I found this forum thru Google.  New poster here. New to circuit bending.

First project: a Chad Valley keyboard.  It's similar to the one in the 555 timer/chad valley thread, and the Argos thread (which I've lost and can't seem to find again).

Compared to the 555 thread:
- Mine has 15 demo tunes, buttons in straight line
- No red star buttons, or buttons in that area
- Circuit board is different
- Blue case

Compared to the Argos thread:
- Mine is mono, and no record function as far as I can tell (I think Argos thread mention bi-note poly)

I also have 3 keys on piano keyboard that don't work (any hints how fix?)

I've add a jack output although not wired it in yet, as I can't decide whether to remove the speaker, make it switchable, or just it in.

One other thing: I was looking at the 555 timer thread, I saw a 100K pot in there.

I tried various pots in mine between battery and main board (for both red and black).  Most seem WAY of range.  A 75 ohm, seems closest, but push it too far and the keyboard cuts out coimpletely.  I put a 100 ohm resistor in parallel with the 75 ohm pot to cut its range, this helped a bit, but didn't solve the problem.  Hints anybody?    Why I my values so incredibly different from those in the 555 thread?

In range the 75 ohm produces some bizarre effects, pitch bending, and there is this 2 note start-up tone when you turn on the keyboard.  It kind of goes into an endless bleepy loop if you get the setting just right?




samspike

I managed to fix the missing keys - there were two pins on the ribbon connecting keys to PCB that were dodgy connections.

Circuitbenders

can you post a link or two to the threads you are referring to?

I assume you are trying a voltage drop crash control with a pot between the power and the circuitboard.

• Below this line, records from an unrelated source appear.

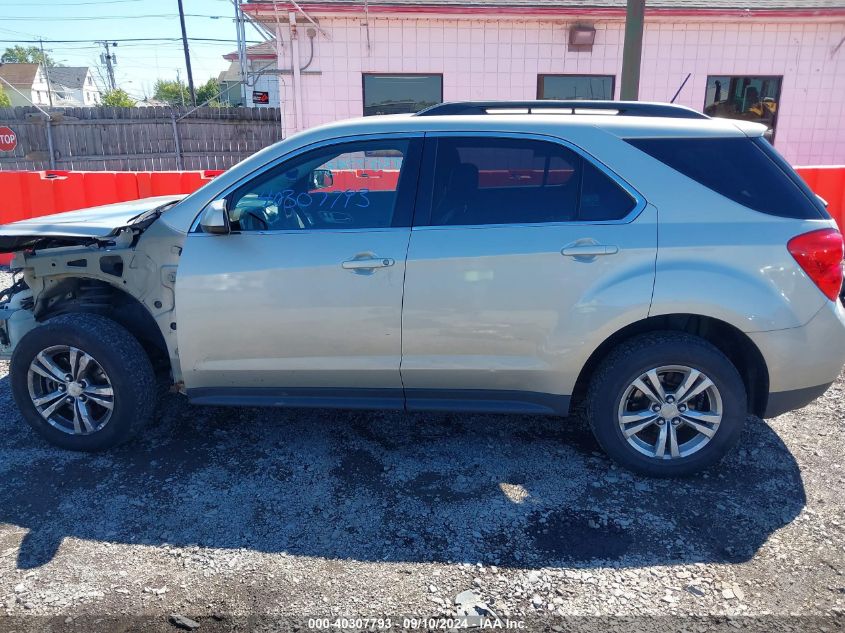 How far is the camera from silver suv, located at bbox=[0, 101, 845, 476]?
3.33 m

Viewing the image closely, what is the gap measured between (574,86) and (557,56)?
0.65m

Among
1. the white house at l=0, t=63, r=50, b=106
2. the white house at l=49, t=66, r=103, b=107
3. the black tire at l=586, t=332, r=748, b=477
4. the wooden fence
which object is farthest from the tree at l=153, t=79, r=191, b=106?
the black tire at l=586, t=332, r=748, b=477

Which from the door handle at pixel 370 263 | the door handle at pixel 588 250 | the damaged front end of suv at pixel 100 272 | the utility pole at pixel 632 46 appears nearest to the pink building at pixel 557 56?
the utility pole at pixel 632 46

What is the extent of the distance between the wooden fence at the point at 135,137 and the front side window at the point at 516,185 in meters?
A: 13.7

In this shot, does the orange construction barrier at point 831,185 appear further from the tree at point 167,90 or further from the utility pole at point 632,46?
the tree at point 167,90

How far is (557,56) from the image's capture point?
40.5ft

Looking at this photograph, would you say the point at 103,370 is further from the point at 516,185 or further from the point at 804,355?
the point at 804,355

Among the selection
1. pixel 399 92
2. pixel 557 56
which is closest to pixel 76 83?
pixel 399 92

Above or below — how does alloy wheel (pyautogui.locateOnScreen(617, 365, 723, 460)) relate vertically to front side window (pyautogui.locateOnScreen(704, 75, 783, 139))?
below

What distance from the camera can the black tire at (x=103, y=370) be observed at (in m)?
3.72

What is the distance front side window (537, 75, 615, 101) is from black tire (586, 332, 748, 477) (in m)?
10.0

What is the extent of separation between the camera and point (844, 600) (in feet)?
8.93

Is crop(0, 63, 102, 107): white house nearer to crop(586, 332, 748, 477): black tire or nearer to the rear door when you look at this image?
the rear door

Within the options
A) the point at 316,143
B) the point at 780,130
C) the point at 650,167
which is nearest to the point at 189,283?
the point at 316,143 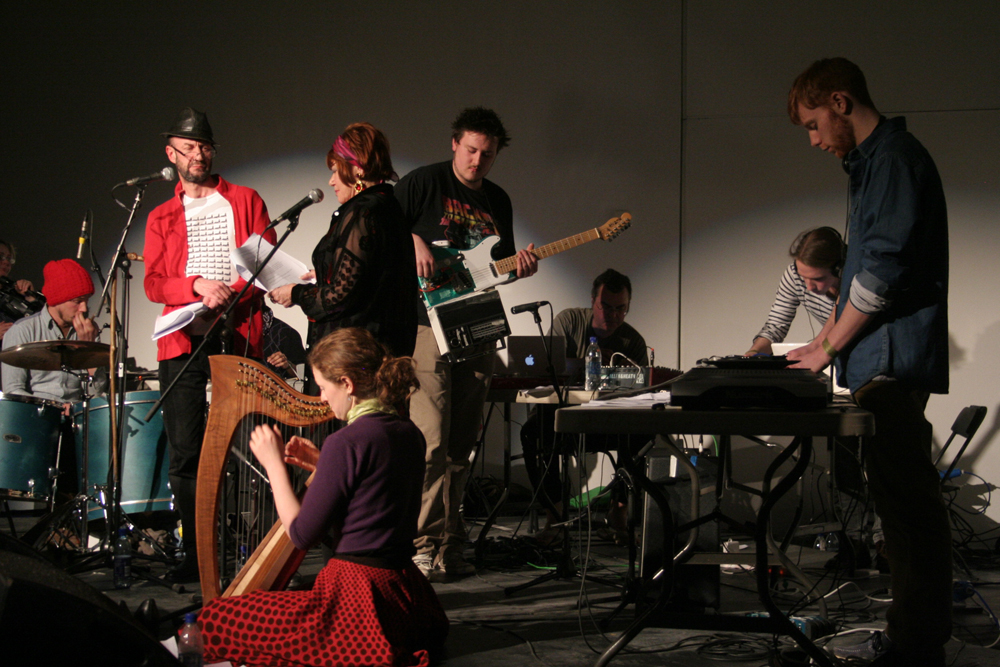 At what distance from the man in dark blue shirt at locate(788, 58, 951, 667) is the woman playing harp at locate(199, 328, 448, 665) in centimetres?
111

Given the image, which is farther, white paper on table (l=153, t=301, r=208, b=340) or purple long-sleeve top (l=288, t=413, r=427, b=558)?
white paper on table (l=153, t=301, r=208, b=340)

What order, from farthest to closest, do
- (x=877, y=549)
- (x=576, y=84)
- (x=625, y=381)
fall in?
(x=576, y=84)
(x=877, y=549)
(x=625, y=381)

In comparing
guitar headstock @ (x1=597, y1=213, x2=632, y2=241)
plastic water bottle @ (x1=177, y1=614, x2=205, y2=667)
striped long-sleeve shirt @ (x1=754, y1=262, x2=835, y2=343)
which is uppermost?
→ guitar headstock @ (x1=597, y1=213, x2=632, y2=241)

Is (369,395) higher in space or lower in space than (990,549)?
higher

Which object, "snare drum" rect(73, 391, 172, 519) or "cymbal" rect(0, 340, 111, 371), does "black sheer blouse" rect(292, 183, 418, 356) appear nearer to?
"cymbal" rect(0, 340, 111, 371)

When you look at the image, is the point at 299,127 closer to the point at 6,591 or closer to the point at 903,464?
the point at 903,464

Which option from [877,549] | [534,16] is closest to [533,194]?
[534,16]

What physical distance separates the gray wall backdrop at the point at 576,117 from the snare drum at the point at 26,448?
1809 millimetres

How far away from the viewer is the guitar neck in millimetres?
3932

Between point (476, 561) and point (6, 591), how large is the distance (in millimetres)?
2943

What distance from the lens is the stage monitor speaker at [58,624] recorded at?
0.82 m

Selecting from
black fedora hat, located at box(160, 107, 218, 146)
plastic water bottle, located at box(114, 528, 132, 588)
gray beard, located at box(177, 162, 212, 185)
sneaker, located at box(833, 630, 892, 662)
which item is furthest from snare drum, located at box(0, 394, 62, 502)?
sneaker, located at box(833, 630, 892, 662)

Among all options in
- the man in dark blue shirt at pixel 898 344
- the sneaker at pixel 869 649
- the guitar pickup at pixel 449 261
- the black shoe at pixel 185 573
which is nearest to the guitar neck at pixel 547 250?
the guitar pickup at pixel 449 261

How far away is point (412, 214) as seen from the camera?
3584 mm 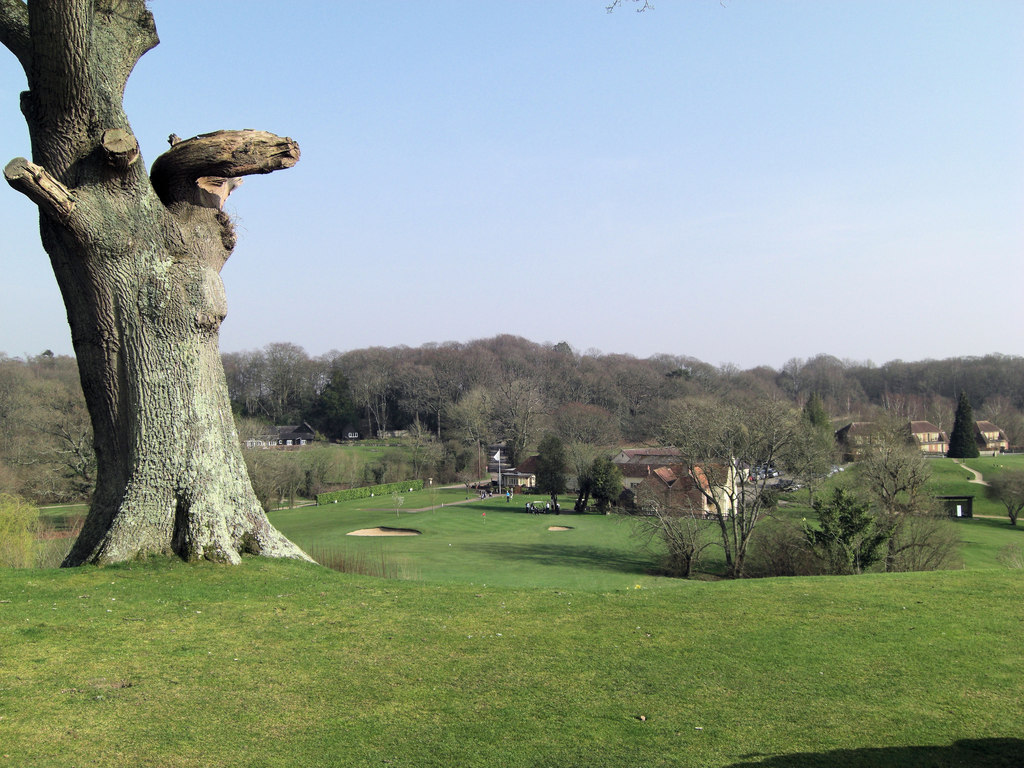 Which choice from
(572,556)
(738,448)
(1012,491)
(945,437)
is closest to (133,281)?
(738,448)

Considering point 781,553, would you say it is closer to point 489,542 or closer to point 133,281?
point 489,542

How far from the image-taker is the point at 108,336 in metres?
8.71

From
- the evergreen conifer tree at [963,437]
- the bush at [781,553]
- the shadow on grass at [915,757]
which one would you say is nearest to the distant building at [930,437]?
the evergreen conifer tree at [963,437]

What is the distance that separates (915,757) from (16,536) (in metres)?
18.8

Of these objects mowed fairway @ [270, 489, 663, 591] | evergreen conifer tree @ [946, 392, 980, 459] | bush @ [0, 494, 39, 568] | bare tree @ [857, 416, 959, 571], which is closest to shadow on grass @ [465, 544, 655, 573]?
mowed fairway @ [270, 489, 663, 591]

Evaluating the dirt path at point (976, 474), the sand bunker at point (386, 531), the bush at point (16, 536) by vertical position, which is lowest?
the sand bunker at point (386, 531)

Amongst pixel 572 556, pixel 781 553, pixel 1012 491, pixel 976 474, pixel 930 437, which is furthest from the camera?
pixel 930 437

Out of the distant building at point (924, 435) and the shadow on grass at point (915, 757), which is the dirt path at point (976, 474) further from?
the shadow on grass at point (915, 757)

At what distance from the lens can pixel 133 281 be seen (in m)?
8.66

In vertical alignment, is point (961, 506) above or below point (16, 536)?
below

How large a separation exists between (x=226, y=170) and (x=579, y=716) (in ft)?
25.1

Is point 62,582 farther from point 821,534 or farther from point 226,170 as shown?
point 821,534

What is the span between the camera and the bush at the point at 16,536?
50.5ft

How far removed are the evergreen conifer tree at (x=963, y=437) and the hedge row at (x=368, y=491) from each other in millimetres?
53787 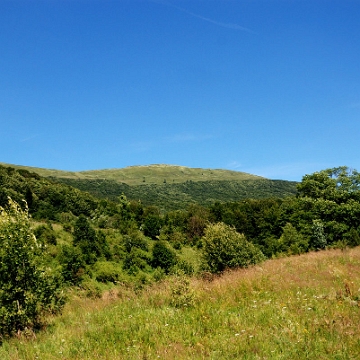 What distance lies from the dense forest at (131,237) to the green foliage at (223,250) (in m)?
0.08

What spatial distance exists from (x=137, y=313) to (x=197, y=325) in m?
1.96

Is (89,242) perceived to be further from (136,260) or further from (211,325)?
(211,325)

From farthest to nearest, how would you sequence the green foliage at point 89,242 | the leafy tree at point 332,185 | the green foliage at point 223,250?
the green foliage at point 89,242
the leafy tree at point 332,185
the green foliage at point 223,250

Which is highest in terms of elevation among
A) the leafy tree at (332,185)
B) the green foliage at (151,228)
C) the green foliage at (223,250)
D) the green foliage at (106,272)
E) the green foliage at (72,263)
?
the leafy tree at (332,185)

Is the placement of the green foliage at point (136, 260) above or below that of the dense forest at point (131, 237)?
below

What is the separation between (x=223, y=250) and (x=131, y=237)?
159 ft

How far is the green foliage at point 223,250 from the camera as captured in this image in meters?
28.8

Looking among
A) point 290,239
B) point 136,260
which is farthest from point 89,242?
point 290,239

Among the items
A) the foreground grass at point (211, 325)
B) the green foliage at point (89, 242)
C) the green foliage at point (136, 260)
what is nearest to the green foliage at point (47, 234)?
the green foliage at point (89, 242)

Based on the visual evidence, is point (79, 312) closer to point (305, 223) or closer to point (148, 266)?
point (305, 223)

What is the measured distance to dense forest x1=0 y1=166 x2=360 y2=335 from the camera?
9.24m

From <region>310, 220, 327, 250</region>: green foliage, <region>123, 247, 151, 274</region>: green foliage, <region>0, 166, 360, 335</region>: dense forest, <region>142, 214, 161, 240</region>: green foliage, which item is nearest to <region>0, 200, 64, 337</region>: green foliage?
<region>0, 166, 360, 335</region>: dense forest

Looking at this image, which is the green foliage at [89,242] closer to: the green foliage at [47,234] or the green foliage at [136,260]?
the green foliage at [47,234]

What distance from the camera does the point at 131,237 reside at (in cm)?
7488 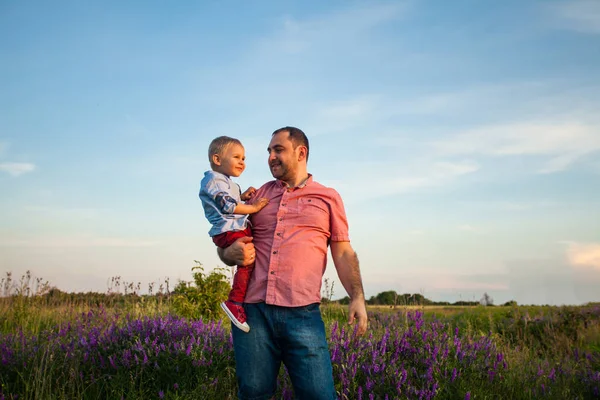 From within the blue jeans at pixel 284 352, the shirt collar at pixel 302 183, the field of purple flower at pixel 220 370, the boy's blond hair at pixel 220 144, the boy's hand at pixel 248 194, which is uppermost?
the boy's blond hair at pixel 220 144

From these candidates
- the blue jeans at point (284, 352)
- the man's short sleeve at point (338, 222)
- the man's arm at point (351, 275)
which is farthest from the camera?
the man's short sleeve at point (338, 222)

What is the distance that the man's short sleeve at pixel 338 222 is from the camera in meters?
3.64

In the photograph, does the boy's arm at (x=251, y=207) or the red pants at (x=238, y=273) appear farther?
the boy's arm at (x=251, y=207)

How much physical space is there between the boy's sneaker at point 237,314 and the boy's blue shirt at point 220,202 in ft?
1.66

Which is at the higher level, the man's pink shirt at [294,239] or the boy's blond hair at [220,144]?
the boy's blond hair at [220,144]

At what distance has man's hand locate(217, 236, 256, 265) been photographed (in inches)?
135

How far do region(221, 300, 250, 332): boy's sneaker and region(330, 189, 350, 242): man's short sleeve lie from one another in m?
0.80

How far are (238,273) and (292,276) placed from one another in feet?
1.24

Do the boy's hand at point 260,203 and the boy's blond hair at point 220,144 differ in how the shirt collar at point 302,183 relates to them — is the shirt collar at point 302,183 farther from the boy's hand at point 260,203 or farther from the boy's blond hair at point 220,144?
the boy's blond hair at point 220,144

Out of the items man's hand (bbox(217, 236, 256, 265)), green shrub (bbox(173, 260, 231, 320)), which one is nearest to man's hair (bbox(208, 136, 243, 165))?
man's hand (bbox(217, 236, 256, 265))

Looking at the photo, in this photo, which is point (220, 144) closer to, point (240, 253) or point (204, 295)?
point (240, 253)

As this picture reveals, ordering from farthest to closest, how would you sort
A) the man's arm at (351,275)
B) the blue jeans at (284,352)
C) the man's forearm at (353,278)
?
1. the man's forearm at (353,278)
2. the man's arm at (351,275)
3. the blue jeans at (284,352)

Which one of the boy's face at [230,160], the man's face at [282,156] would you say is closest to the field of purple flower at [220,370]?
the man's face at [282,156]

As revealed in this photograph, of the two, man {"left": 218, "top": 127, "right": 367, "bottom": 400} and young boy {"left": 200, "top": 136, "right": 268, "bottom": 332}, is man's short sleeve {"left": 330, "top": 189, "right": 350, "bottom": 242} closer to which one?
man {"left": 218, "top": 127, "right": 367, "bottom": 400} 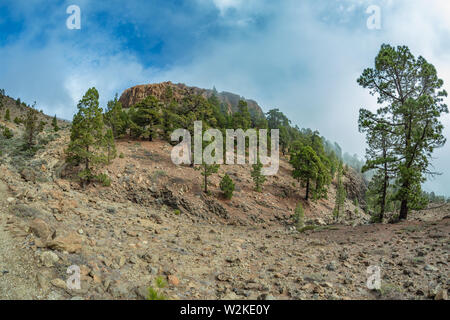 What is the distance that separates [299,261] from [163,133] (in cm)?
2930

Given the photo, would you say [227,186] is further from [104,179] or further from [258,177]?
[104,179]

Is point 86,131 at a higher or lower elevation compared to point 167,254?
higher

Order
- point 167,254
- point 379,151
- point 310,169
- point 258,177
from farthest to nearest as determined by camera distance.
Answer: point 310,169
point 258,177
point 379,151
point 167,254

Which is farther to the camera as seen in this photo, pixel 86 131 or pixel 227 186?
pixel 227 186

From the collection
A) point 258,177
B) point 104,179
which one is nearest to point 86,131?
point 104,179

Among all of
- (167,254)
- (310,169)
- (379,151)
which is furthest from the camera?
(310,169)

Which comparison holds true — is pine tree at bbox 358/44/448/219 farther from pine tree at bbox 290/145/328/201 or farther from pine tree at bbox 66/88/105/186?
pine tree at bbox 66/88/105/186

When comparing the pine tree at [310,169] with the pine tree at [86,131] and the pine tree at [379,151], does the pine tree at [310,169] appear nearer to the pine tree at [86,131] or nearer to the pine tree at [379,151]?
the pine tree at [379,151]

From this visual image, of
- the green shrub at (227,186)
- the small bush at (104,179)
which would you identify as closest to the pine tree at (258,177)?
the green shrub at (227,186)

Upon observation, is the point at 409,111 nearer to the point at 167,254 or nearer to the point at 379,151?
the point at 379,151

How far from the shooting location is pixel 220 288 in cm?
657

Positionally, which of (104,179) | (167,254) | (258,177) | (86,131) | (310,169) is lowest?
(167,254)

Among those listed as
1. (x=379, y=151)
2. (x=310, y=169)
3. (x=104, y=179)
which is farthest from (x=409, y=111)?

I'd go for the red wire and make yourself an A-B pot with some resistors. Theres some details in the huge Casio SA1 thread http://www.circuitbenders.co.uk/forum/index.php/topic,29.60.html .Find a point just before it crashes completely, measure the restance of your pot and use that as the maximum resistance, but bear in mind that the values will probably change as your batteries run down.

Where on earth did you find a 75 ohm pot?

i am not paid to listen to this drivel, you are a terminal fool

samspike

Thanks.

Yes the voltage crash sort of works, you have to position it exactly right to make it work.

I'm using a 1K pot, with a 1K resistor in parallel.  That works, although the usable range is narrow.

I've also installed a switch to activate the crash, and a jack out.

The keys work, but the demo buttons are a bit flakey. The reason is there are two internal ribbon cables, and they are very badly soldered/glued on (my roughness didn't help) - as soon as I opened the keyboard I was in trouble on that.

BTW: The 75 ohm pot, came from Maplin.  I bought a bag of assorted pots, and there it was.  Blue in colour.  It's got 75 ohm printed on it.  I measured it with multimeter, and that says full on it's about 100, and half way about 50.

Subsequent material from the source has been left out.